Esaki was born in Osaka, Japan, and raised in Kyoto. By the time he joined IBM at age 34, he already had a reputation as a formidable researcher. His work in tunneling phenomena while at Sony won him acclaim in the growing field of semiconductor physics and brought him to the attention of Robert Gunther-Mohr, then manager of semiconductor research at IBM. It was Gunther-Mohr who first asked Esaki to visit the company’s new laboratory in Yorktown, hoping to entice the young scientist into a long-term residency.
For a man of Esaki’s generation, moving to the United States represented a significant change, if not an outright risk. Esaki began his undergraduate study of physics at Tokyo Imperial University in 1944. Two years later, the name had been changed to the University of Tokyo, and Esaki had survived the firebombing of his city. In the aftermath of the war, the United States became the global leader in science and manufacturing, and researchers like Esaki became citizens of the world.

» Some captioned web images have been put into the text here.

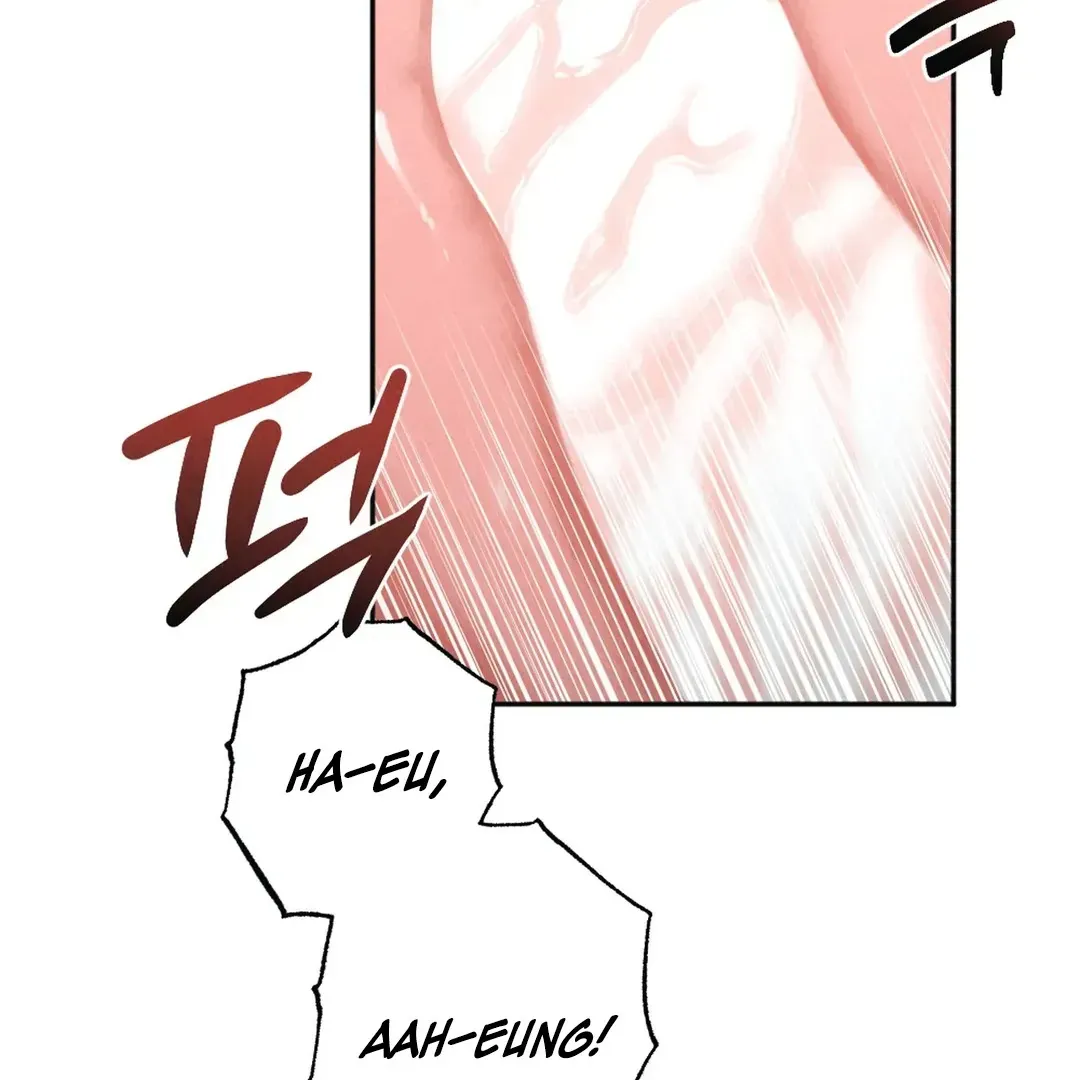 Josinhan Dongsaengchinguleul XX Haeseo Chapter 10 page 97 - 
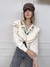Cardigan Berta By Cataleia - comprar online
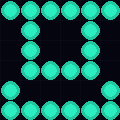 103.76.72.113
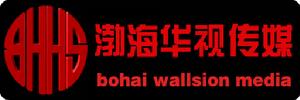渤海華視傳媒 渤海華視傳媒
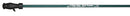 BnM Fish Pole Combo 10ft 2 section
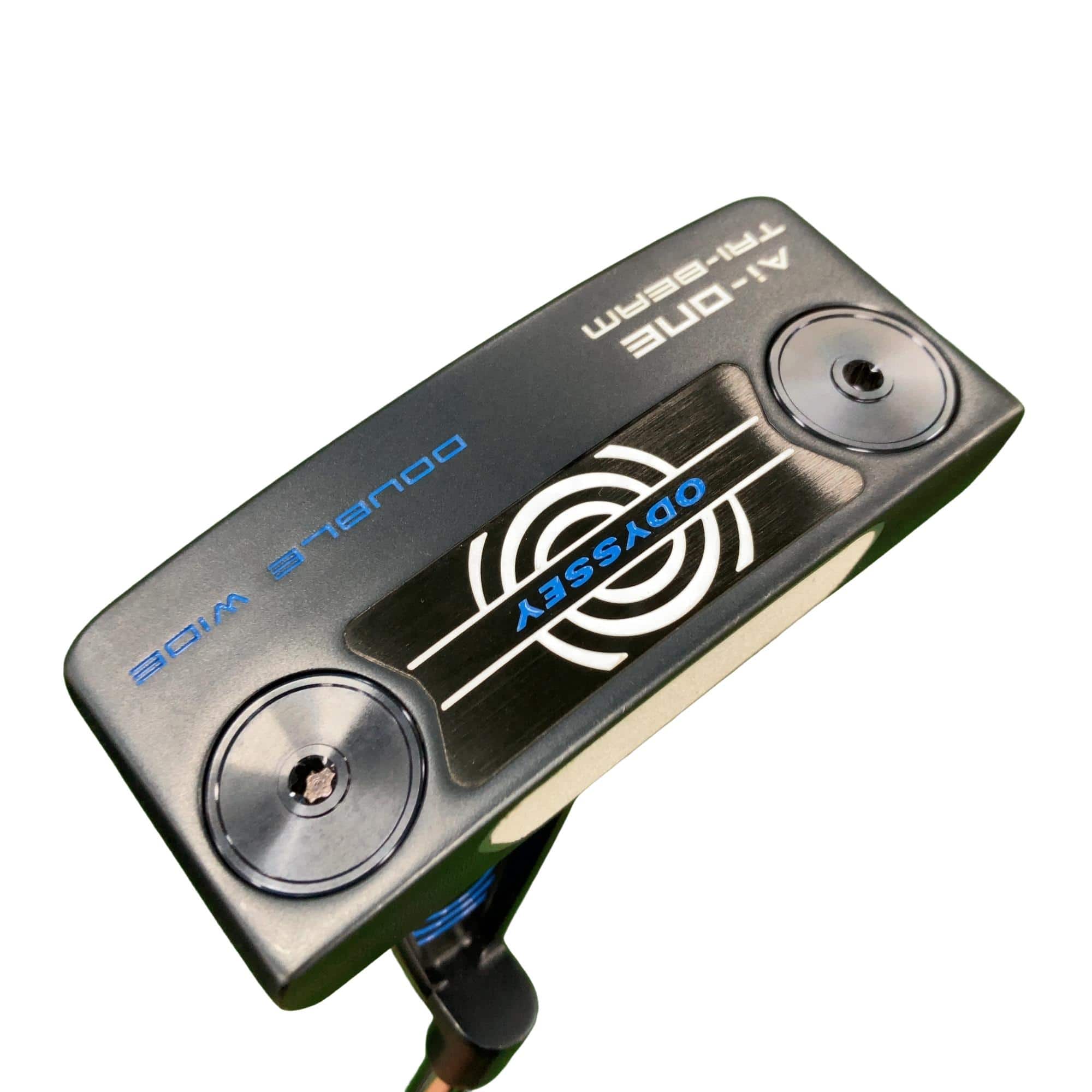 `|nmd@sqh|ad`l@cntakd@vhcd@bg@RSC`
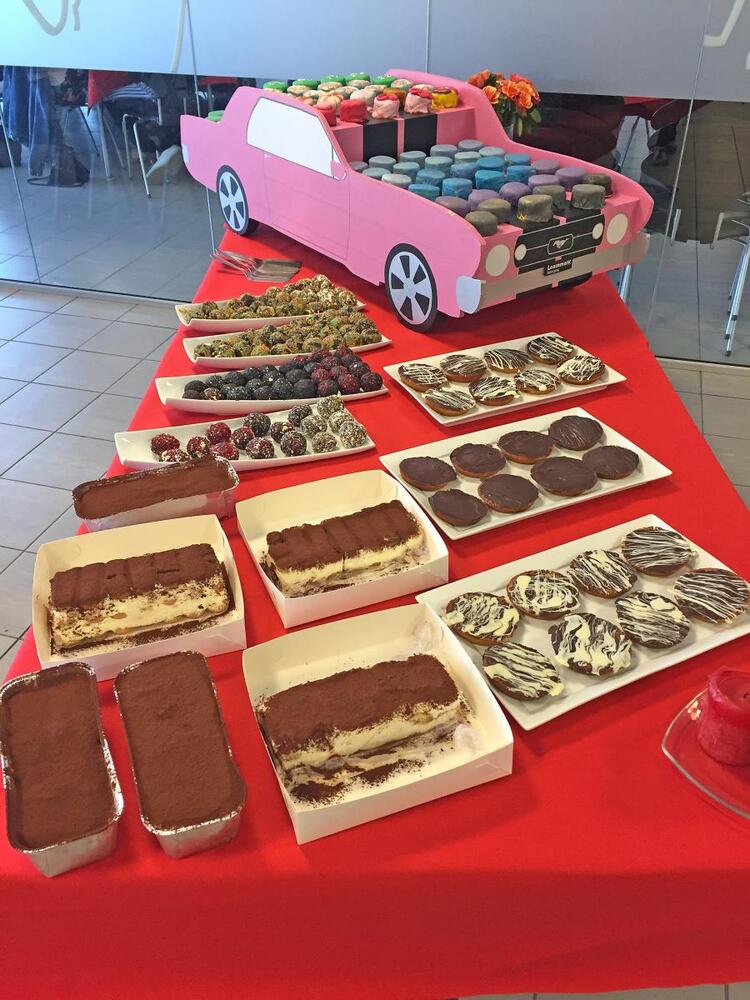 Restaurantaabning kok amok 100518 15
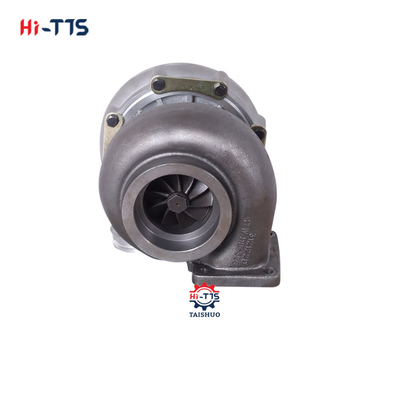 Τυροφορευτής 425109-5008S 452174-9001 Για GT4288H SCANIA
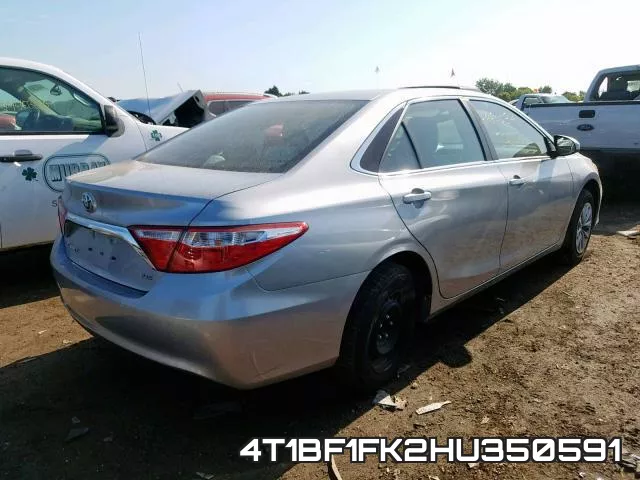 4T1BF1FK2HU350591_4.webp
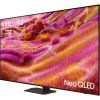 QE75QN90FATXXH Qled Samsung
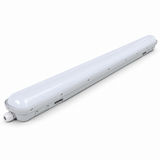 FL7560N-A LED dust- and moisture-proof luminaire – 56 W, 7300 lm, 4000 K, IP65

While Esaki and his wife, Masako, maintained close ties to Japan, they reported having little difficulty in adjusting to life in the US, partly due to the international outlook at IBM. “Leo is very casual about it and very much a free spirit,” Masako said in 1973. “But he enjoys his work at IBM, and he likes living here.”
Esaki’s colleagues at IBM described him as a man of wide-ranging interests. He was equally fascinated by bridge, French food and the marketing side of the consumer electronics business. Shortly after he arrived in New York, he took up smoking cigars, a habit he would maintain for decades. Mostly, though, he focused on his work. One colleague praised his “tremendous scope of vision, intuition and imagination.” The researchers he supervised regarded him as a coworker as much as a manager, and the team he assembled worked together for years, with members often returning to his lab at Yorktown after stints in teaching and university research.